W związku z przymrozkami jakie dotknęły sadowników w okresie wielkanocnym i zapowiadanymi ujemnymi temperaturami w kolejnych dniach, Związek Sadowników RP wystosował do Ministra Rolnictwa i Rozwoju Wsi pismo z prośbą o uruchomienie mechanizmów pomocowych.
W minionych dniach (16,17 kwietnia ) w całej Polsce wystąpiły silne przymrozki, które dotknęły rejony sadownicze i spowodowały zniszczenia niemalże we wszystkich gatunkach upraw ogrodniczych. Związek Sadowników RP jako reprezentant polskich sadowników zwraca się z wnioskiem o szybką reakcję i uruchomienie mechanizmów pomocowych. Bardzo istotne jest, żeby straty zostały sprawnie oszacowane, szybkość działania jest ważna, ze względu na specyfikę sektora sadowniczego i tak już bardzo osłabionego przez skutki rosyjskiego embarga - czytamy w piśmie skierowanym do Krzysztofa Jurgiela.
W przypadku wielu gospodarstw zniszczeniu uległy całe plantacje, co może doprowadzić do ich bankructwa.
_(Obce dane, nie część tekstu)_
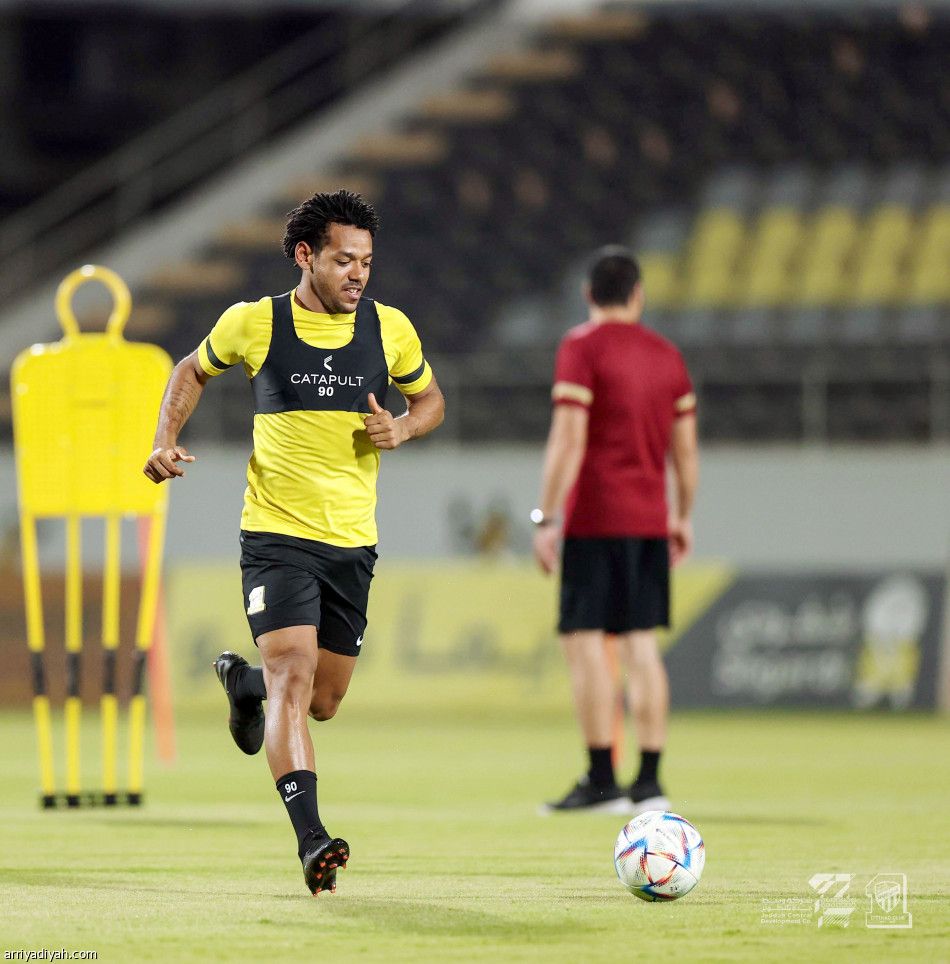 الاتحاد يستعيد الشنقيطي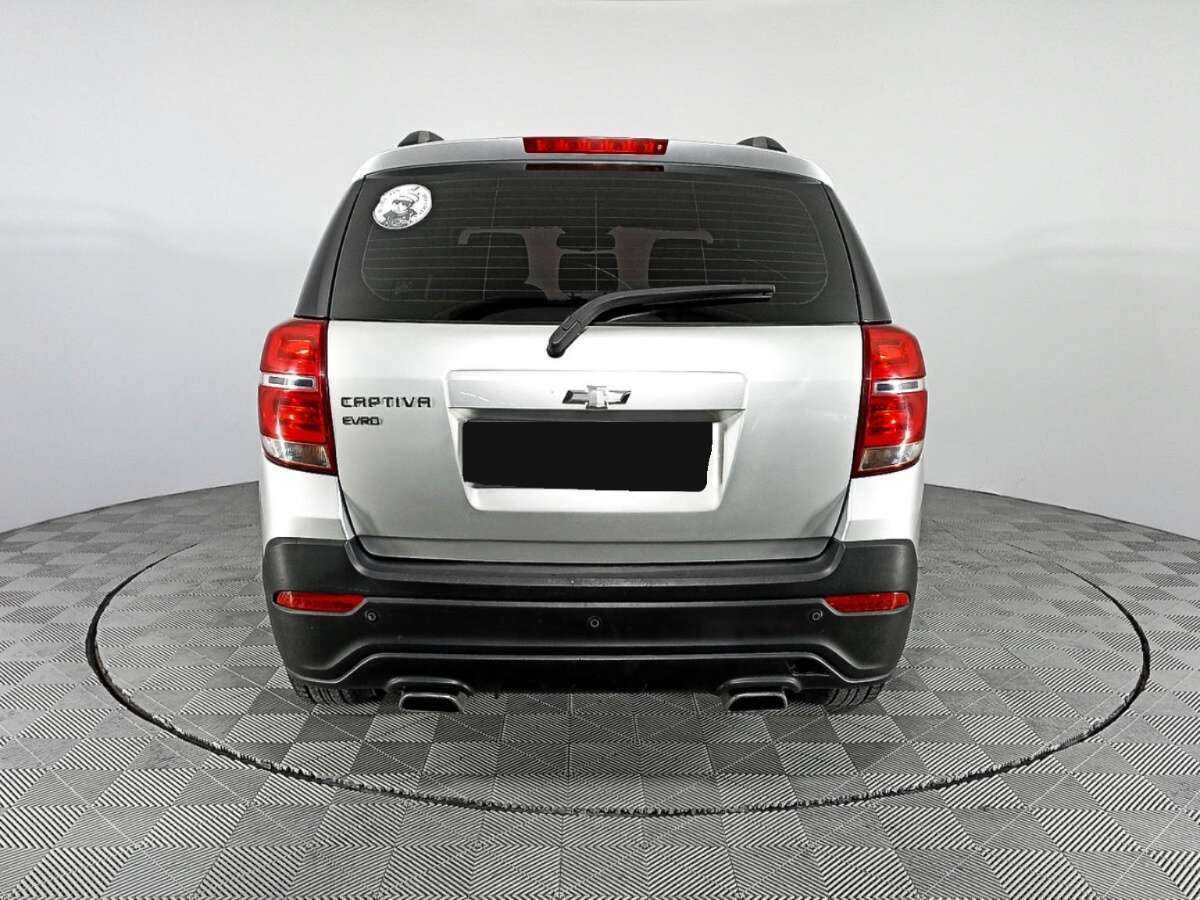Б/У Шевроле Каптива 2015 года. Фото: #5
- Istnieje realne niebezpieczeństwo, że rozwój sadownictwa może zostać zahamowany, jeśli resort rolnictwa w porę nie podejmie odpowiednich działań. Dla pokrycia poniesionych strat potrzebne będą środki finansowe najlepiej w formule rekompensat na jeden hektar uszkodzonych upraw. Trzeba dodać, że ubezpieczyciele odmawiali sadownikom ubezpieczenia upraw, tłumacząc się brakiem podstaw prawnych i dokładnych wytycznych - pisze Mirosław Maliszewski w imieniu Związku Sadowników RP.